PQR THEORY

What is meant by information?  The question is simple to state but subtle. The term refers to various overlapping concepts, and there is no consensus on its precise meaning. For example, if I tell you something you don’t know, that would be information. But if I tell you the same thing twice, have I given you any more information than by saying it just once? And if I then tell you something to the contrary, what does that do to the information you already have?

​

So to make things clear, we should note that information is not the same thing as meaning. Meaning relates to how we might use a piece of information. A string of random digits by itself contains information but has no meaning. But if you also know that these digits represent the combination to a safe, that information becomes meaningful.

​

Fortunately, we are not concerned with meaning here, just with information as an abstract concept. Now you might well ask, “can information exist in the abstract?” This is another deep philosophical question. The hundredth digit of pi has always existed as a concept, but before anyone calculated it, was it information?

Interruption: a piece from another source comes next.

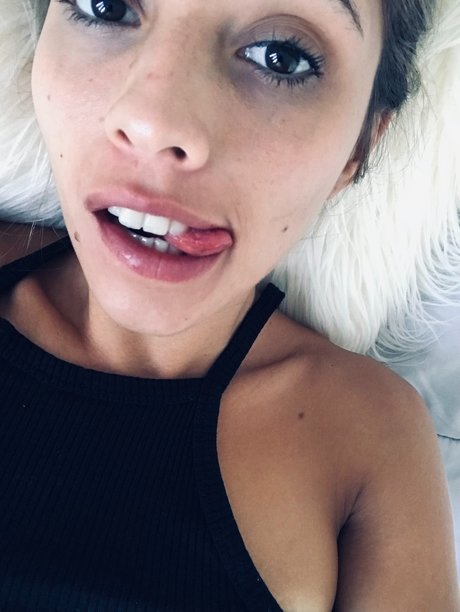 Luji_ model nice photo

I would argue that, in order for information to exist, it must be encoded into some physical medium, such as sound waves in air (which only exist for a short time), or ink marks on paper (which last a lot longer).

​

This approach implies that information can be copied, created and destroyed. (Our memories are one form of information, but they die with us.) Of course we must take care to distinguish between the physical medium on the one hand, and the information that it encodes on the other. The information is not the paper, or the ink marks, or even the pattern that they form, but rather the underlying message that is encoded. For example, words are a widely used form of information. A word can be spoken as a series of sounds, or written as a series of symbols, but it is the same word in whatever medium it is encoded. (But beware: language is an imprecise tool. For example, the four-letter sequence “lead” can represent several different words, including one that signifies “to go in advance of; to direct,” and another that signifies “a heavy metallic element.” The spoken forms of these two words are different, but in speech the sound that represents the second one also represents the past tense of the first. To add to the confusion, each word has a range of meanings that we are not concerned with here.)

​

Apart from words, many other forms of information are in common daily use. These include numbers, symbols and music, as well as the information contained in pictures and video. So to get a general definition of information, we can be pragmatic and say, “Information is something you can store in a computer.” (Of course, so is a microchip, but let’s not be pedantic about this.) And we can measure any piece of information in terms of the amount of computer memory it occupies (although this is not an absolute measure, since it depends on how we encoded the information when putting it into the computer).

​

Computers store information as a series of 0s and 1s known as binary digits or bits. Each piece of information, whether it be a word, a picture, or a movie, is stored as a string of these bits. The longer the string, the more information it contains: a 64-bit string contains exactly twice as much information as a 32-bit string. But every type of information is stored in the same form: a string of bits. (These strings often also include extra “control information” that tells the computer how to decode the data into the appropriate form when it is retrieved from memory.) So now, in the abstract, we can conceive of information as something that can be represented by a string of zeros and ones. The zeroes and ones are the “bits” of information. This is raw information in its purest form.

​

Fun stuff: we can put a 1 in front of the string (so that it does not begin with zero) and we now have a binary integer (although potentially a very large one if the string is long). For example in the coding system ITA2, the word “dog” would be represented by the string 010011100011010. Put a 1 in front of this string and we get the string 1010011100011010, which is the binary form of the decimal number 42778. Likewise “cat” becomes 47216. We now have a way in which numbers can represent abstract concepts (although most numbers won’t have any meaning in this system), or in which any piece of information can be represented by a single natural number. Pythagoras, I am sure, would have approved.